= TRY IT =
From the line that contains "IQ845 FSY D063-05-22-R07" down to the last line of the listing below, reproduce each line exactly but not the pictures.

= SUPPLIED INFORMATION =
- - - -

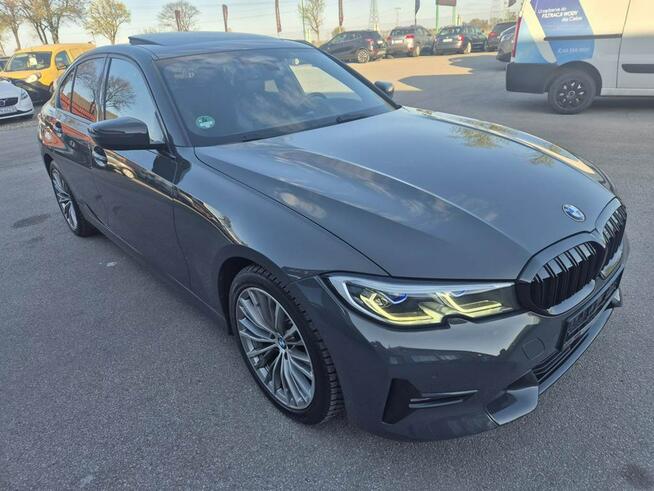 BMW 320 190KM Automat Sedan Luxury Line Full Opcja Gniewkowo - zdjęcie 10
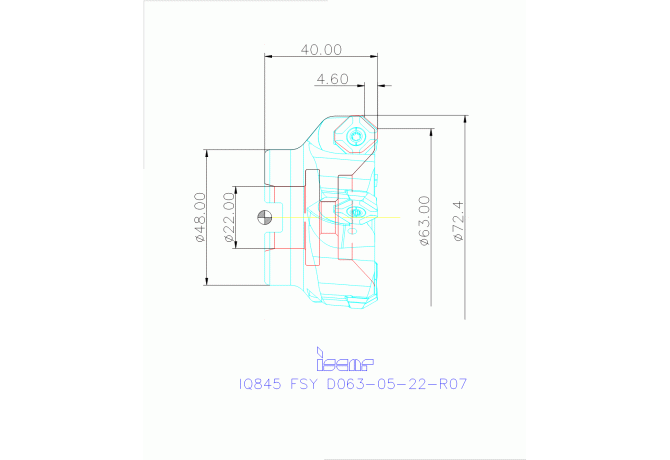 IQ845 FSY D063-05-22-R07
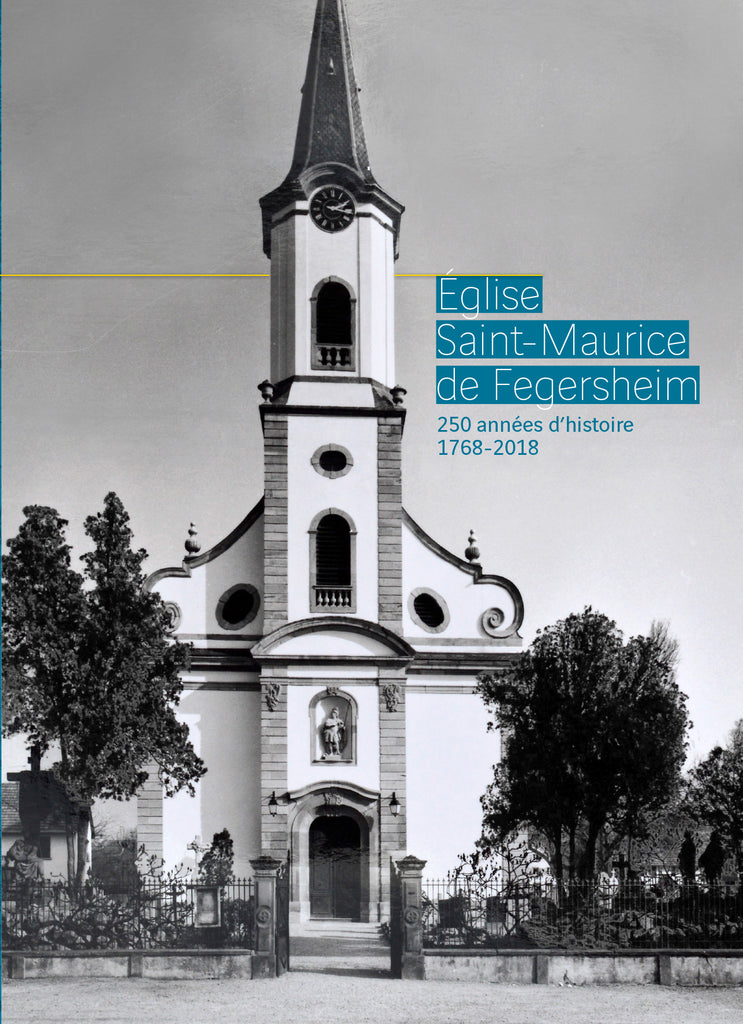 Eglise Saint-Maurice de Fegersheim - ID L'EDITION
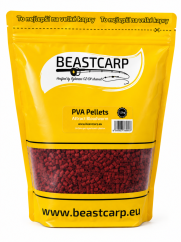 PVA Pellets Attract Bloodworm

- - - -

= WRITTEN SOLUTION =
 IQ845 FSY D063-05-22-R07
 Eglise Saint-Maurice de Fegersheim - ID L'EDITION
 PVA Pellets Attract Bloodworm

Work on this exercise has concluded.